§ TASK: When you reach the line that contains "Luxury Elegante Sophisticated" in the data below, start reproducing lines exactly, and stop after the line that contains "Istanbul Collection Traditional".

§ DATA EXTRACTS:
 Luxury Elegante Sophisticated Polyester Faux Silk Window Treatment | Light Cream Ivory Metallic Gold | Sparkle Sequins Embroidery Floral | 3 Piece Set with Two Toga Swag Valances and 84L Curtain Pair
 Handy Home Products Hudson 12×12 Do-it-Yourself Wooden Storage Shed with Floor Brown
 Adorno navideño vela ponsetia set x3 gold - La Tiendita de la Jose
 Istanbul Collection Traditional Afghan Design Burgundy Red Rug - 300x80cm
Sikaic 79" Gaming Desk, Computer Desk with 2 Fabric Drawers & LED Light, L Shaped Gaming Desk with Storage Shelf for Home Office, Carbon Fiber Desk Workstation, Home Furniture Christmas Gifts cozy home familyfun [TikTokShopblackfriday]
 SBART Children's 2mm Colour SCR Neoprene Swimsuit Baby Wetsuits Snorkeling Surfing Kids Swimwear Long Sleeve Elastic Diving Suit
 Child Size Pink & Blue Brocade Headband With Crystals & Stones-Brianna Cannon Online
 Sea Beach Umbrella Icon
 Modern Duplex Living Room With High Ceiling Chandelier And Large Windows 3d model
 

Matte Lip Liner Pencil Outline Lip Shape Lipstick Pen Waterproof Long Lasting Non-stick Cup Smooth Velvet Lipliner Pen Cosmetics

--

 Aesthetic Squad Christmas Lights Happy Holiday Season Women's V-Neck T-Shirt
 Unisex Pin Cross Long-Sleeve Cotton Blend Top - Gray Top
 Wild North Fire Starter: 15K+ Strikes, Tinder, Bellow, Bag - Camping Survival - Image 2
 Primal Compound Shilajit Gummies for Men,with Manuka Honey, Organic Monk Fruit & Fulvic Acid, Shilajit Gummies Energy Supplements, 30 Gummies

---

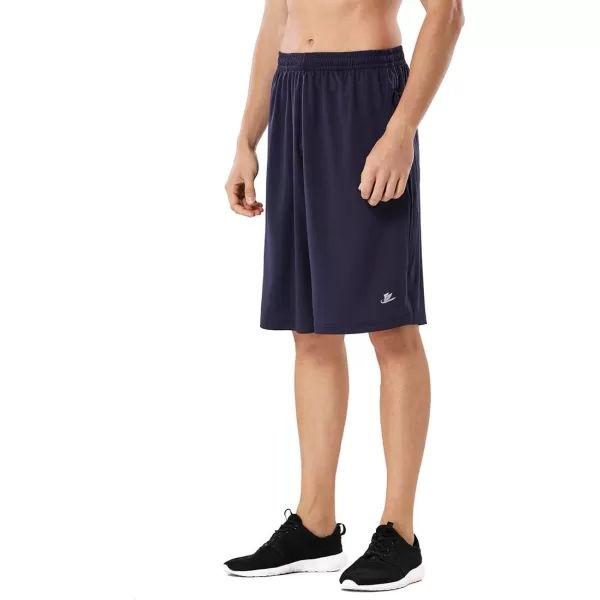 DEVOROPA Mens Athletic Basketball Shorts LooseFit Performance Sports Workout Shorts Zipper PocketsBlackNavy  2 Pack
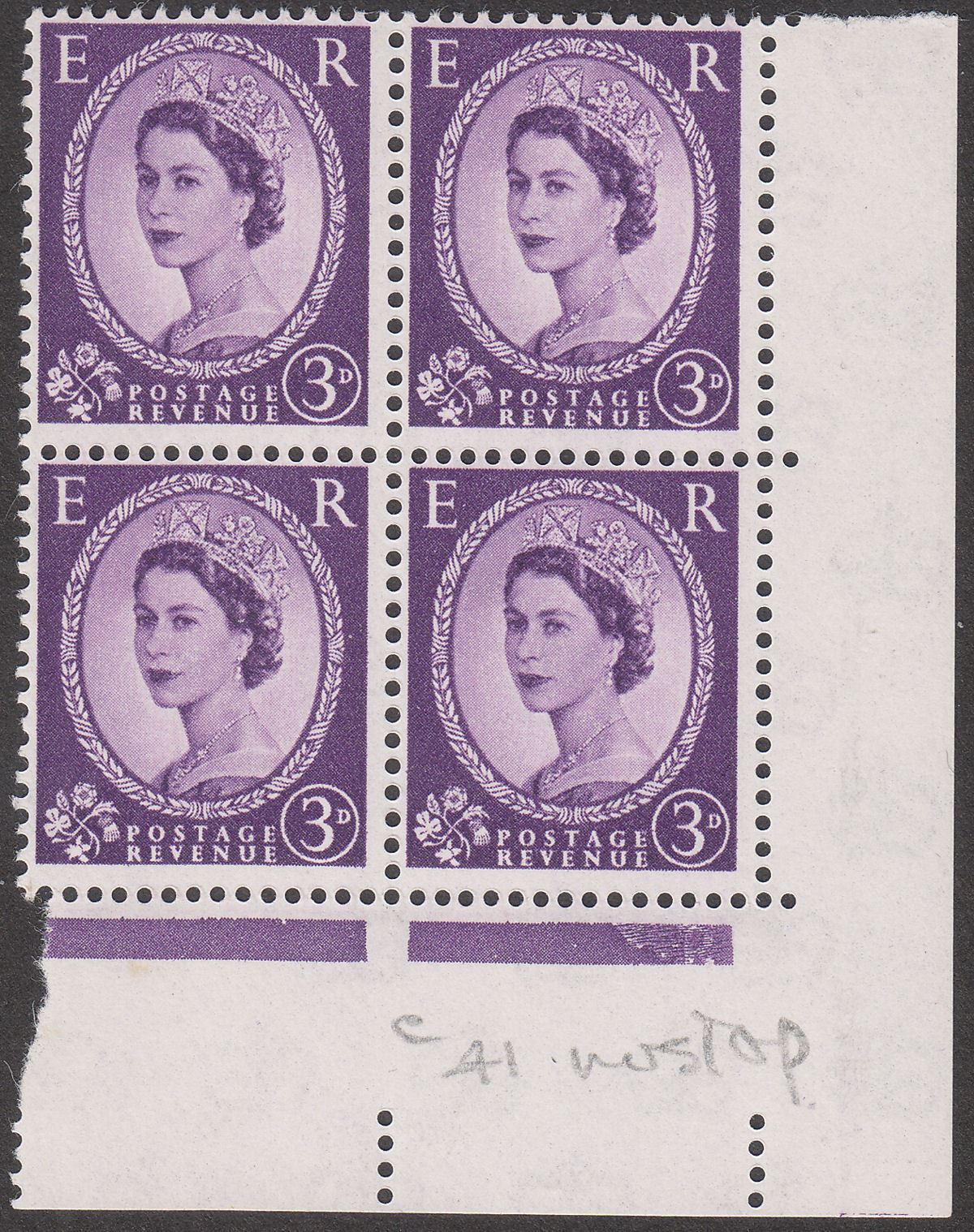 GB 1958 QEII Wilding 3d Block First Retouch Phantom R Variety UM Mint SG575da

§ OUTPUT:
 Luxury Elegante Sophisticated Polyester Faux Silk Window Treatment | Light Cream Ivory Metallic Gold | Sparkle Sequins Embroidery Floral | 3 Piece Set with Two Toga Swag Valances and 84L Curtain Pair
 Handy Home Products Hudson 12×12 Do-it-Yourself Wooden Storage Shed with Floor Brown
 Adorno navideño vela ponsetia set x3 gold - La Tiendita de la Jose
 Istanbul Collection Traditional Afghan Design Burgundy Red Rug - 300x80cm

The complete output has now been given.